Thanks for the continued responses. The input, feedback and reflection has been really helpful.
Things are still as they were when I first posted. I guess my main approach right now is to avoid jumping to quick conclusions and decisions, while also being as honest with myself and my others as possible. The counselling is helping, and is reaffirming my own process around identifying what I truly want in relationship, and then reflecting on my options. Well, I'm not actually reflecting on options yet. I am enjoying what I have and trying not to feel the pressure of wanting something more/else. There is no rush.
I do feel very conflicted many days, though. I suppose I innately have a monogamous mindset that seeks to build a life out of the emotions I share with my OSO. And the polyamory is an accommodation to my husband's desires, which I understand and support on a logical, practical level, but which isn't my own innate disposition or desire, despite clearly enjoying my own other relationship. It's complex. (When is it not though, right?)

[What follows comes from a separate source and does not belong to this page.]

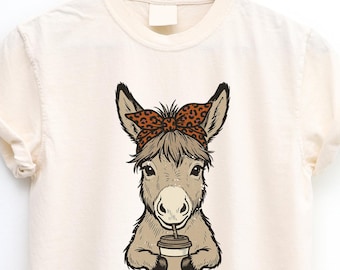 Coquette Donkey Coffee T Shirt Cute Farm Animal Graphic Tee with Bow Funny Donkey Lover Gift Rustic Aesthetic Western Style Shirt
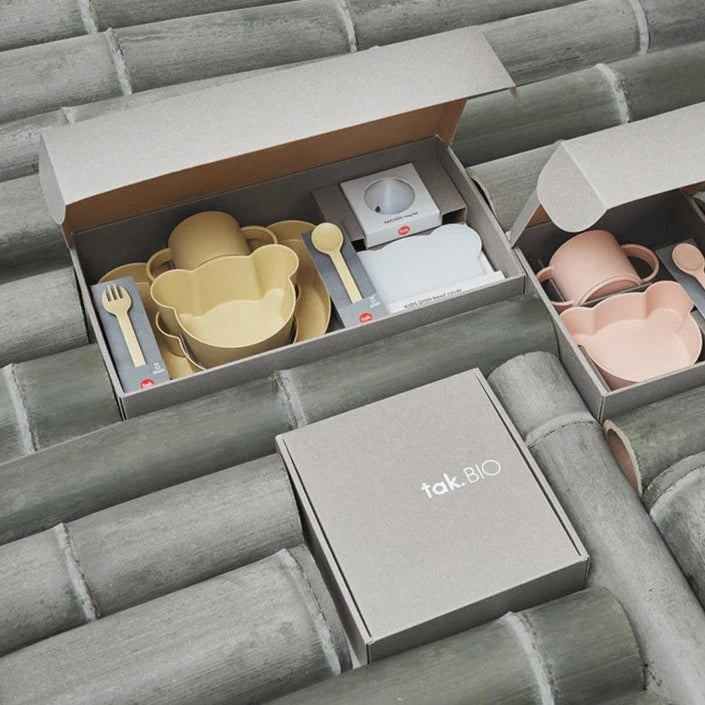 tak. BIO Kids Dish Set - Bear Coral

My own thoughts and honesty about this process with my husband have certainly stirred up a lot of instability in him, and have propelled him towards engaging with me a bit more on some of the topics that are issues for me. I'm hoping there will be some long-term growth between us.
And in the meantime, I am also deeply enjoying the connection my OSO and I share, in this moment, as it is. In many ways, I am blessed to be experiencing this. I've never been loved like this before in my life and it is extraordinary.
Anyway, that's my update!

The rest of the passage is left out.